I certainly reject this idea.   As a former competitive water ski jumper, I report that the less balanced you are in the air, the less likely you are to land in balance, successfully complete the jump at all (CRASH) or at the very least, spend your flight time trying to regain your balance so that when you do land you have a chance of completing the jump.   At least for me,  I know that if I left the ramp out of balance, I was consumed in the air with recovery in order to land the jump and not get trashed in the process.   YM 

post #362 of 363

I'm not sure there's any disagreement there, Yogaman. "Balance," a function of the relationship between the center of mass and the base of support, is pretty much a meaningless concept in the air (where there is no BoS)--as the variety of different positions in which you can find an aerialist or freestyler while airborne proves--but that's not to say that the attitude, movements, timing, and so on are not critical.
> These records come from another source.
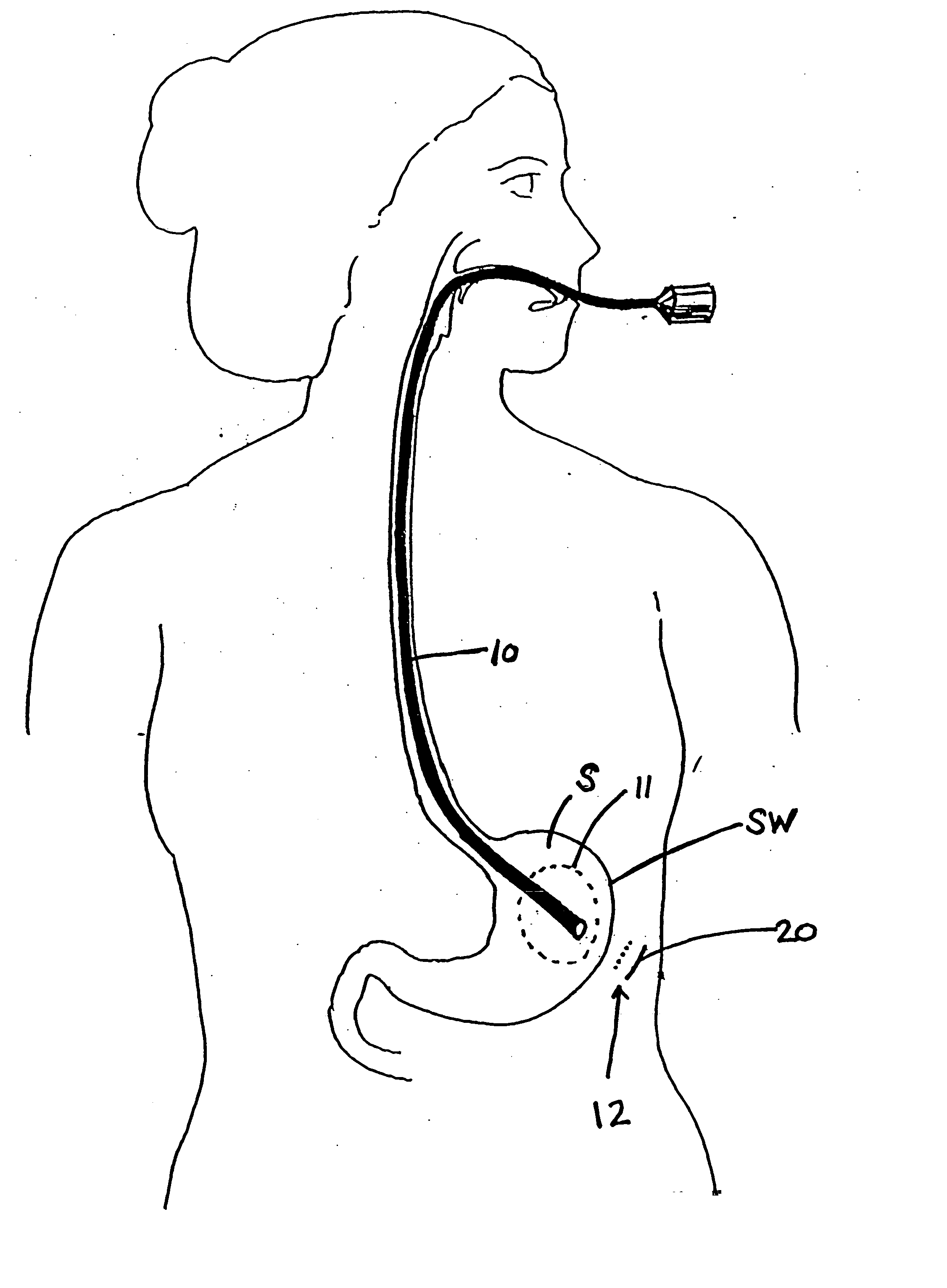 Method and device for use in minimally invasive placement of intragastric devices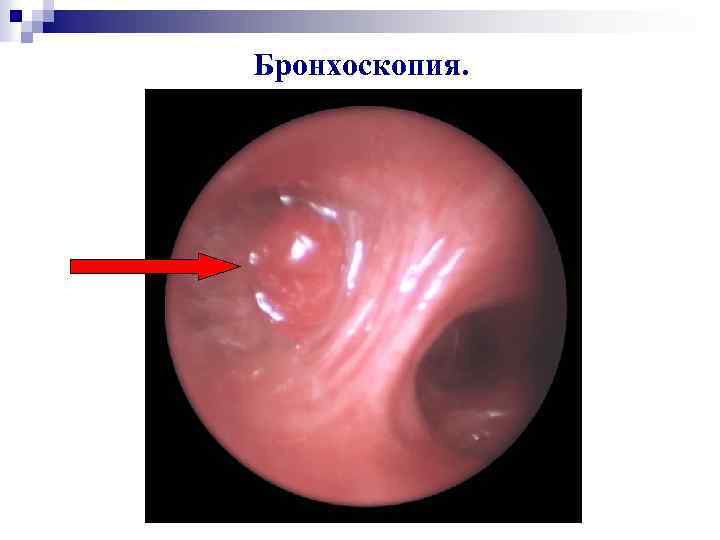 Бронхоскопия. 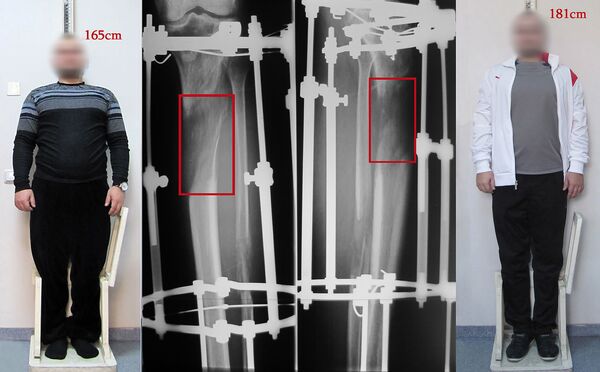 Едут в Армению, чтобы вырасти, или Как армянский ортопед осчастливил японца - Sputnik Армения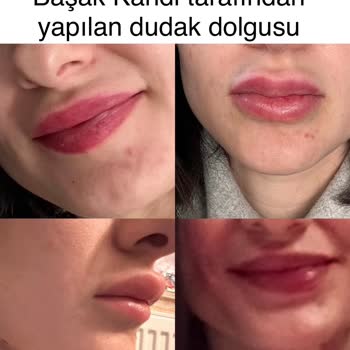 Prof Dr. Başak Kandi Dudak Dolgusunda Mağdur Etti Telafi Etmedi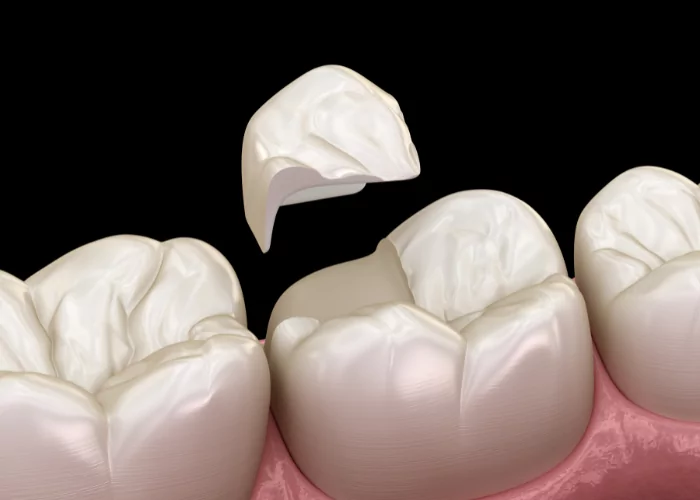 Endodontic Procedures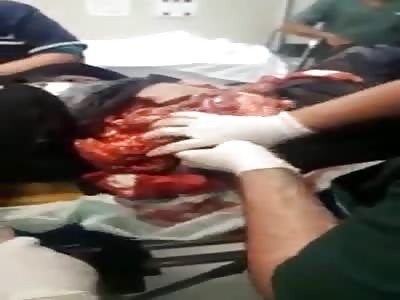 Guts Pouring Out of Dude... They can't Stuff Them in Fast Enough.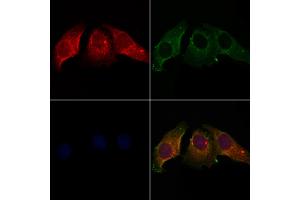 ABIN7094110 and ABIN7098154 staining Hela cells by IF/ICC. (CALU antibody  (Internal Region))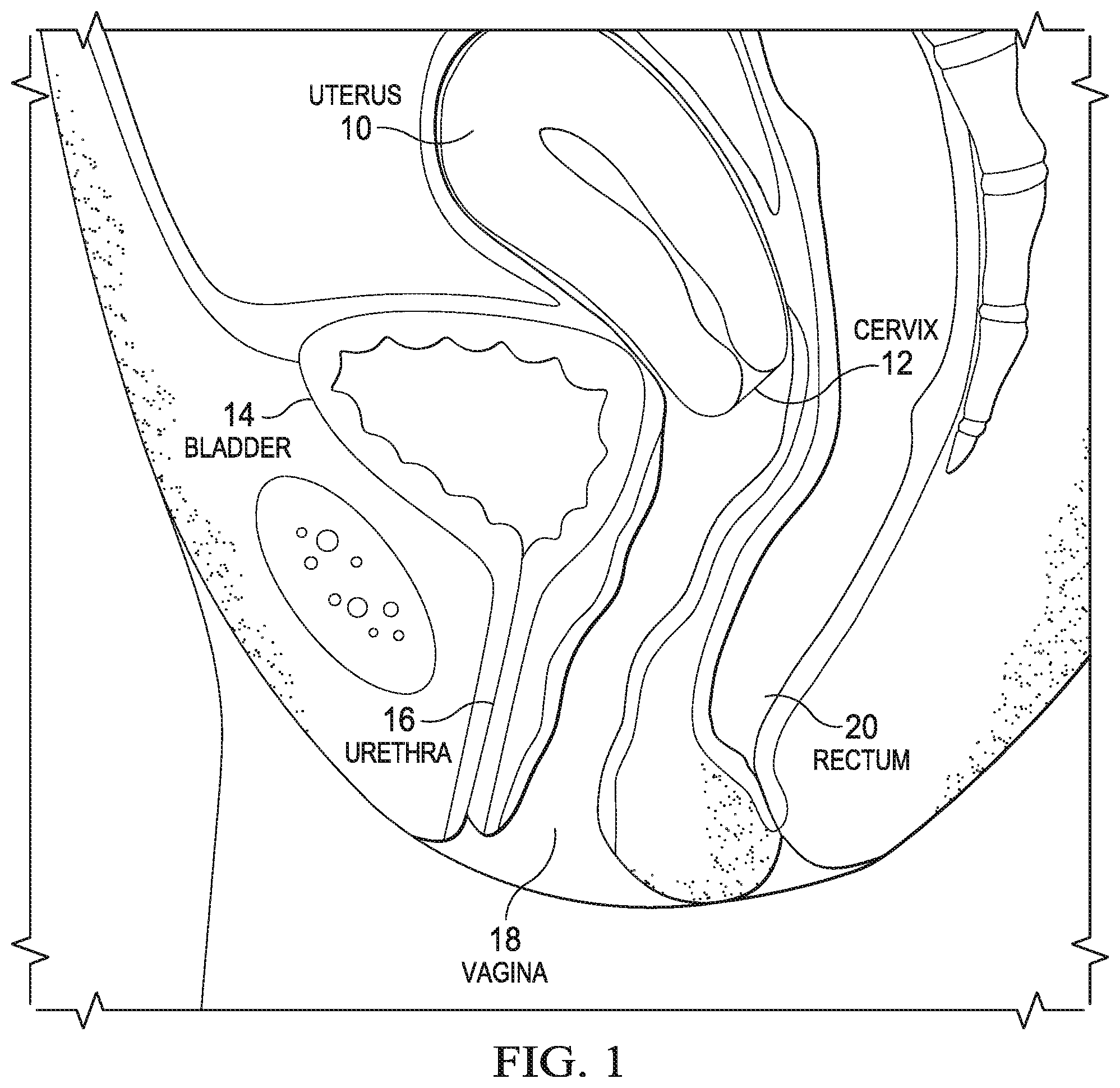 Patent US12472092 — Flexible cone-shaped intra-vaginal support device — Figure 1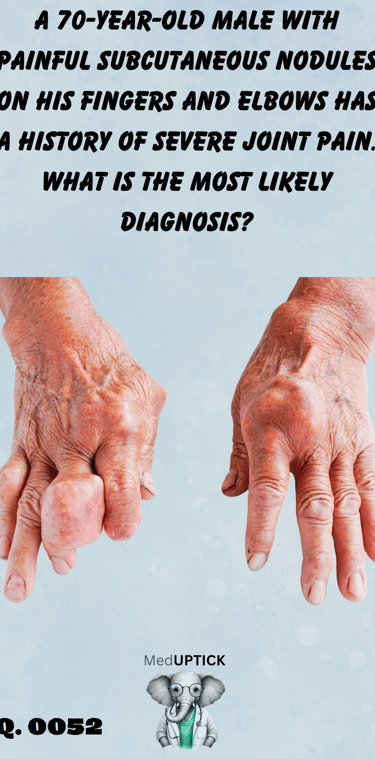 a close up of an elderly patients hands with disfigurement and joint masses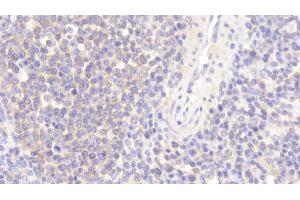 Immunohistochemistry (IHC) image for anti-Wiskott-Aldrich Syndrome (Eczema-thrombocytopenia) (WAS) (AA 39-251) antibody (ABIN7444415)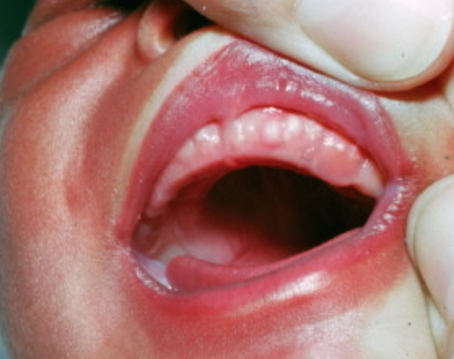 马牙或板牙:性质和粟粒疹类似,只是位于牙龈或上腭中央,大多可以自行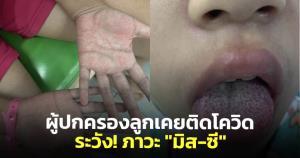 หมอแนะผู้ปกครอง ลูกเคยติดเชื้อโควิด ควรศึกษาภาวะ "มิส-ซี" อาการอักเสบของอวัยวะหลายระบบ
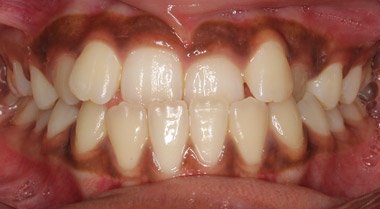 Before orthodontic teeth straightening at Dentist of Montclair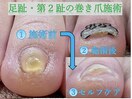 足趾の第2趾の施術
The entire measure of whether you're doing it right, though (other than style points in the air), is in the landing. So as I described before, any "balancing" movements we make while in the air matter later--in the landing. That's Balance in the Fourth Dimension--movements now to create balance later. And that's essentially what I read you describing as well. 

 

Just for fun, I've often asked freestyle skiers and snowboarders whether they think they can be "out of balance" in the air. Some laugh and say "of course not." Others say absolutely yes. But when I ask them how they know they're out of balance, they invariably answer "you'll know when you land." Which, again, is my point. The movements you make when unweighted or airborne matter, but their effects don't matter until later, when you land. Who really cares what "position" you're in while you're airborne, as long as you land smoothly and in balance. 

 

Best regards,

Bob

post #363 of 363
It's really bad when you know before you catch air that youre so out of balance that no anticipatory moves will save you. There are certainly different levels of balance, not just in or out (in is obviously top on The meter of course). The definition of being off-balance includes being out out of porportion; not standing, sitting or resting while being out of equilibrium; surprise; and upset due to a state of confusion. Our brains seem to have a meter for when equilibrum will not be found. Crash. BUT, we have an even better meter for anticipating equilibrium, hopefully. The sweet spot is a spot, but it isnt. Meaning, it is physically built into the ski as Bob described earlier, but as he also mentioned it could care less about you or its position in space. That's your job!

Lastly, the sign of a good coach is someone that can agree with you and at the same time explain that you are wrong. wink.gif

"You can't get hurt in the air". One of my favorite t-shirts ever.